### Recorded data

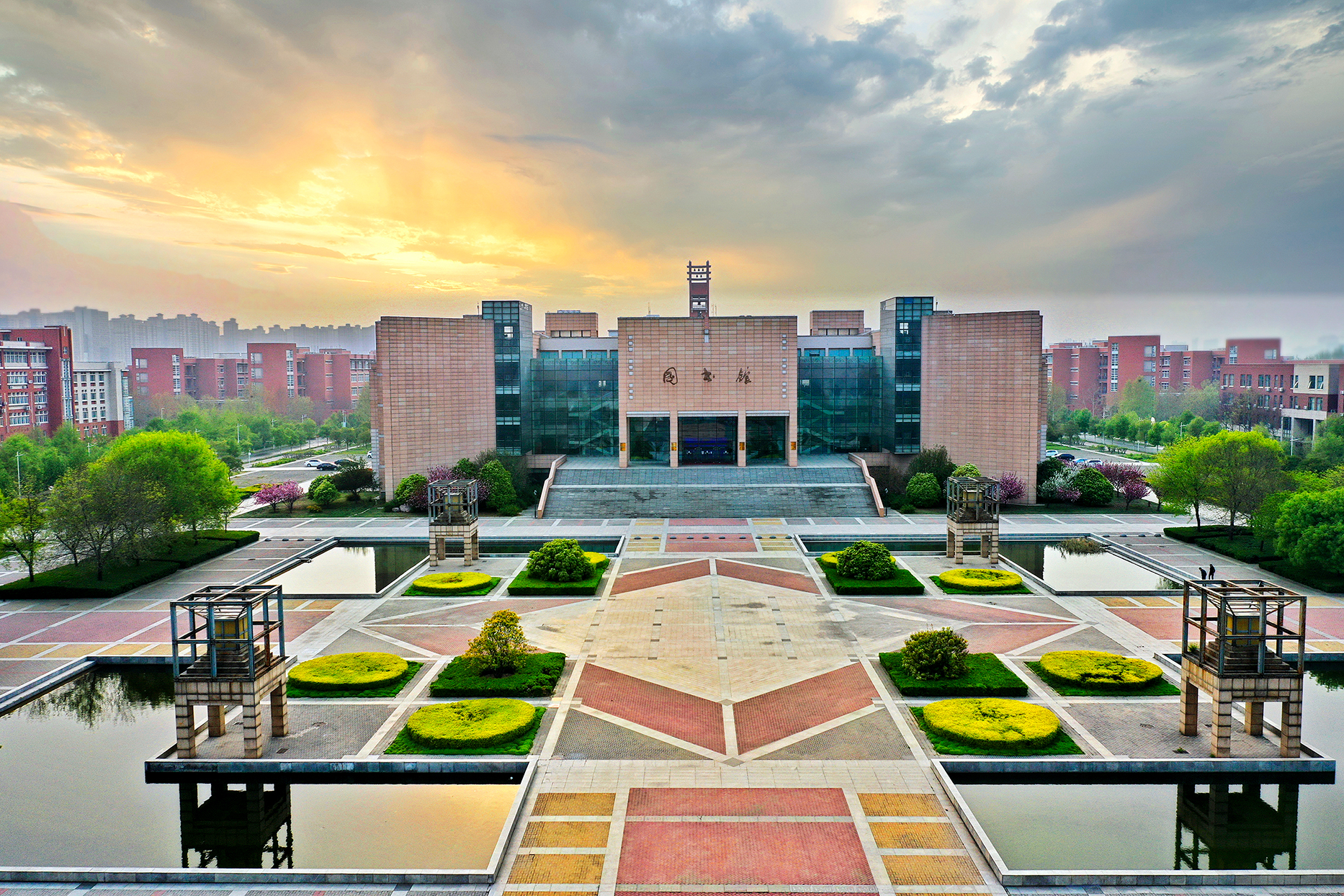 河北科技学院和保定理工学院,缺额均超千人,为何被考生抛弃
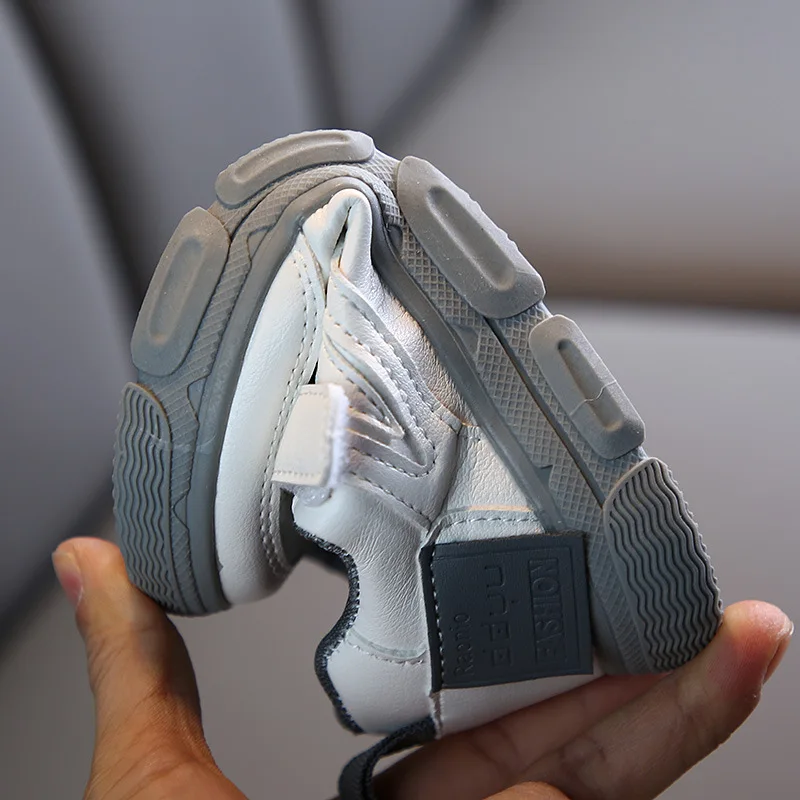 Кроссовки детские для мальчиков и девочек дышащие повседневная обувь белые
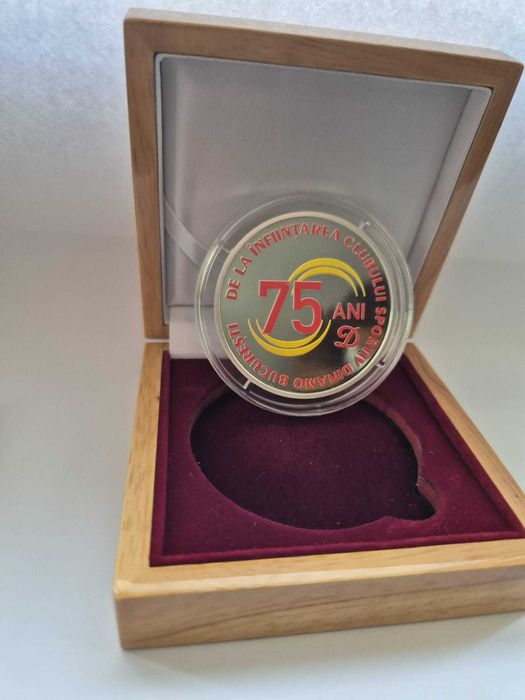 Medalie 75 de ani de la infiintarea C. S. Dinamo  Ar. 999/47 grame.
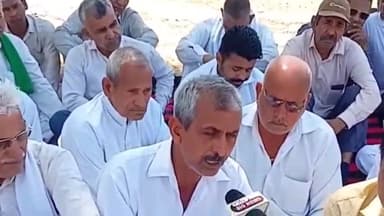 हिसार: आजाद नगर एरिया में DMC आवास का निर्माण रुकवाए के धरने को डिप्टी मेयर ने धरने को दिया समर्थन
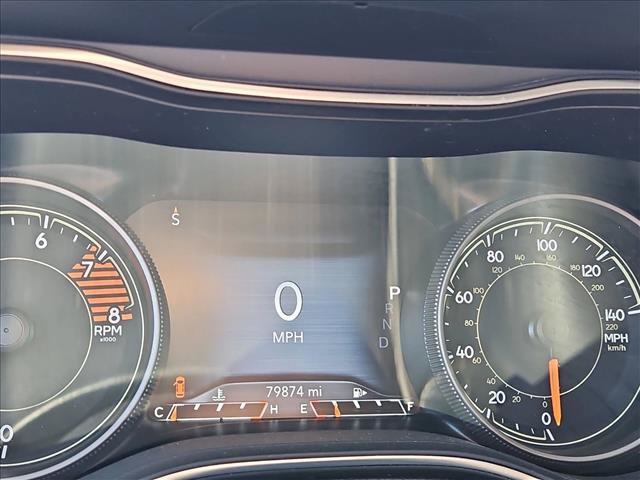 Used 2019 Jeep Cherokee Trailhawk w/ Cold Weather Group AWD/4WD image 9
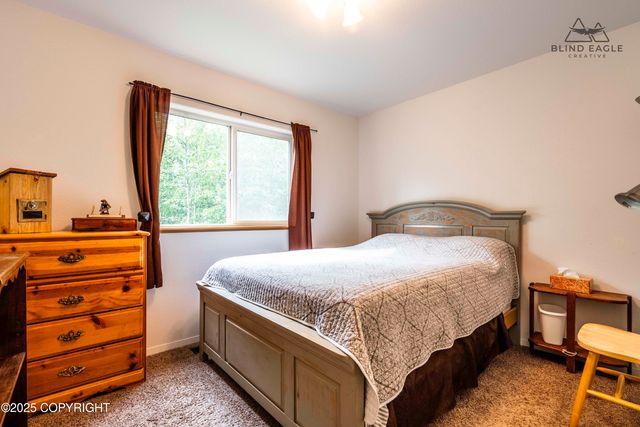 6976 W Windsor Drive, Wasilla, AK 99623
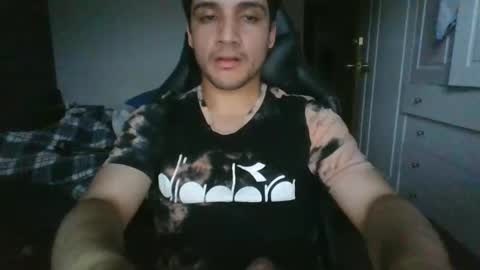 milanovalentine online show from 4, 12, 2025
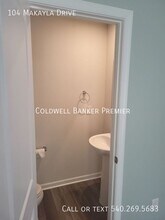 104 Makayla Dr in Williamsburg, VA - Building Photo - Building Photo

######
### Recorded data

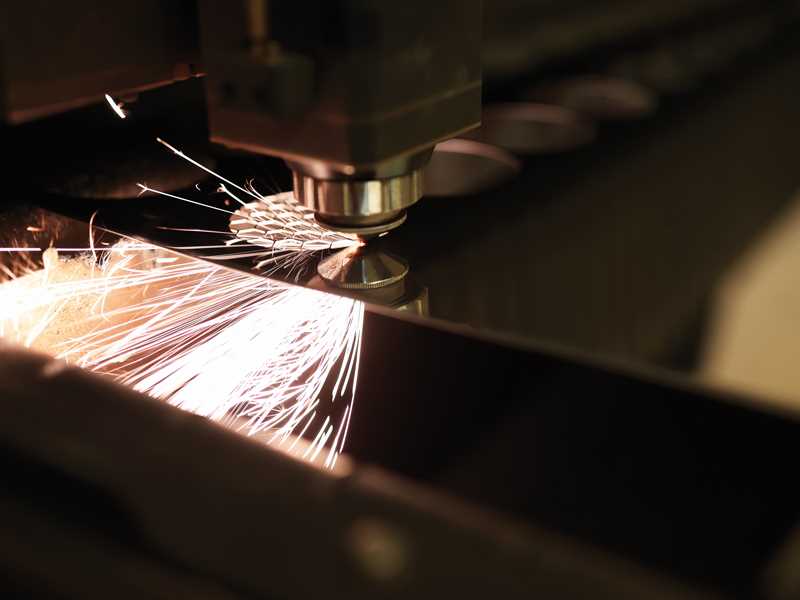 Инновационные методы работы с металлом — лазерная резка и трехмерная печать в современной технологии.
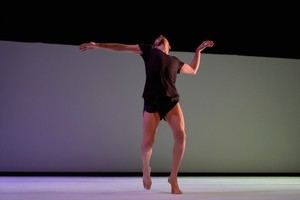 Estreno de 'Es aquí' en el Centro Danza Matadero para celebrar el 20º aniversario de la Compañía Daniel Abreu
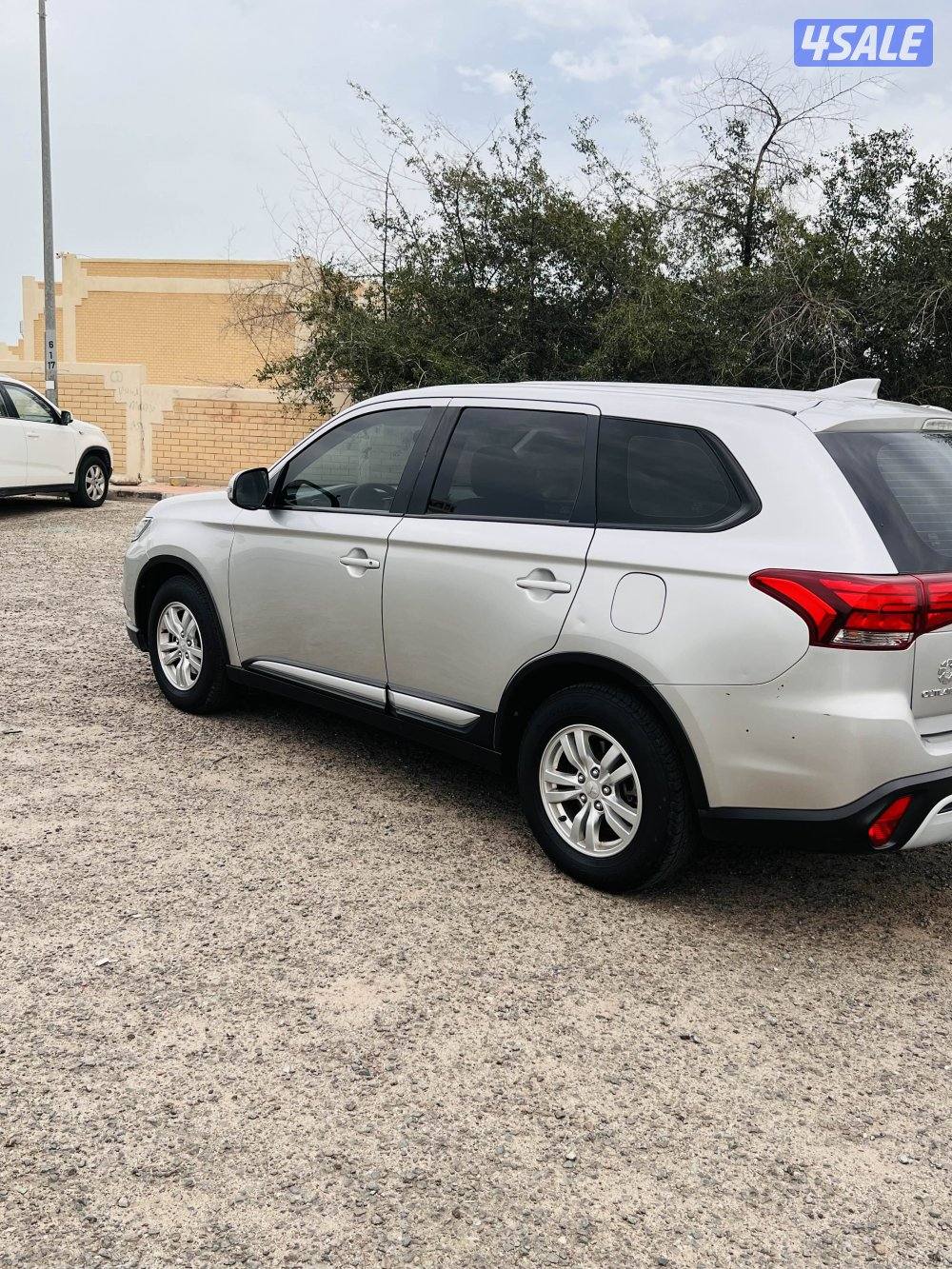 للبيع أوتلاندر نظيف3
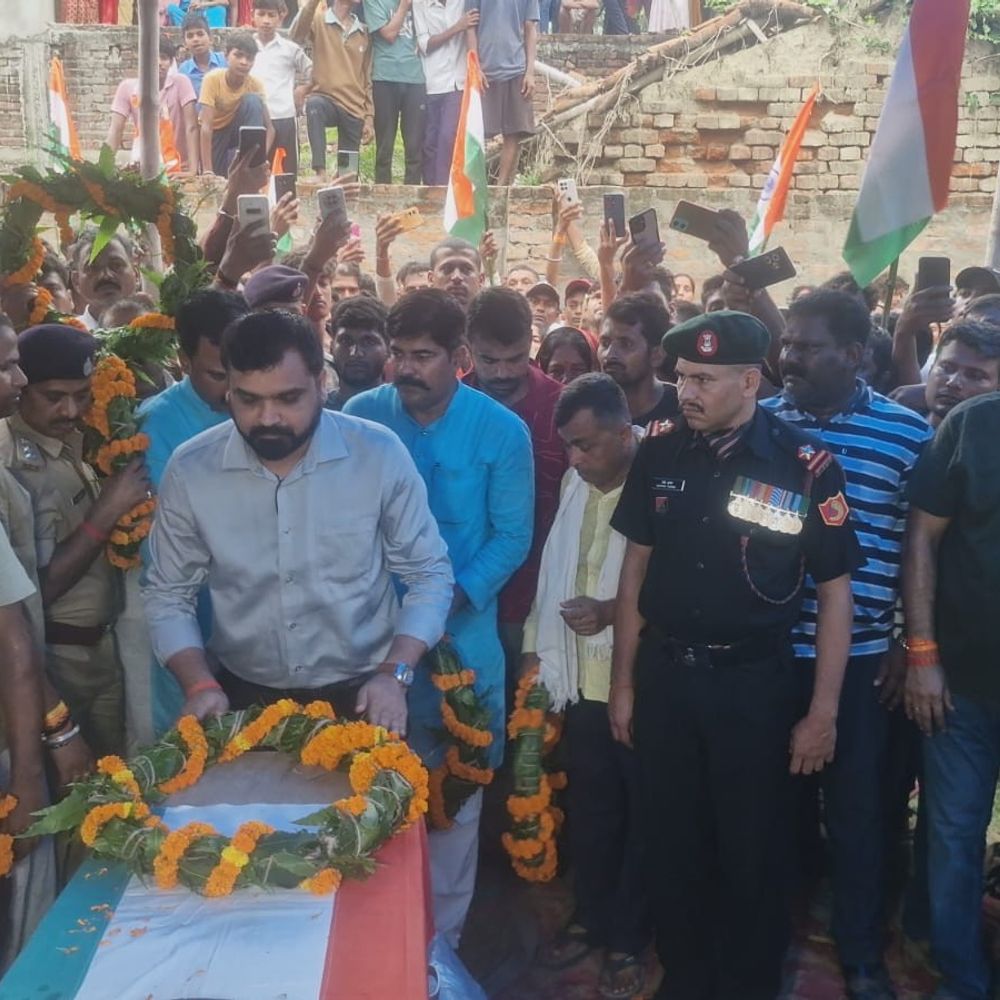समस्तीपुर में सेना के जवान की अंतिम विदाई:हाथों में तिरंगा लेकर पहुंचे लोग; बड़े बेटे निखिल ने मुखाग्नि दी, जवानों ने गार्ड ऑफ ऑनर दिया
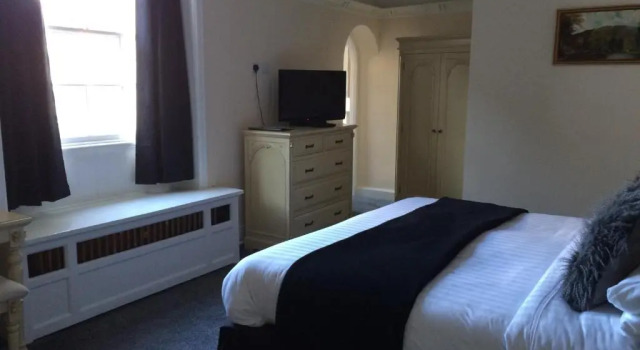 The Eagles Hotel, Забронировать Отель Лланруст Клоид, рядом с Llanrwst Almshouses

######

## Task statement
Here the job is to copy the listing above word for word, starting at the line with "Estreno de 'Es" and ending at the line with "The Eagles Hotel, Забронировать", and to leave out the pictures.

## Result for this exercise
 Estreno de 'Es aquí' en el Centro Danza Matadero para celebrar el 20º aniversario de la Compañía Daniel Abreu
 للبيع أوتلاندر نظيف3
समस्तीपुर में सेना के जवान की अंतिम विदाई:हाथों में तिरंगा लेकर पहुंचे लोग; बड़े बेटे निखिल ने मुखाग्नि दी, जवानों ने गार्ड ऑफ ऑनर दिया
 The Eagles Hotel, Забронировать Отель Лланруст Клоид, рядом с Llanrwst Almshouses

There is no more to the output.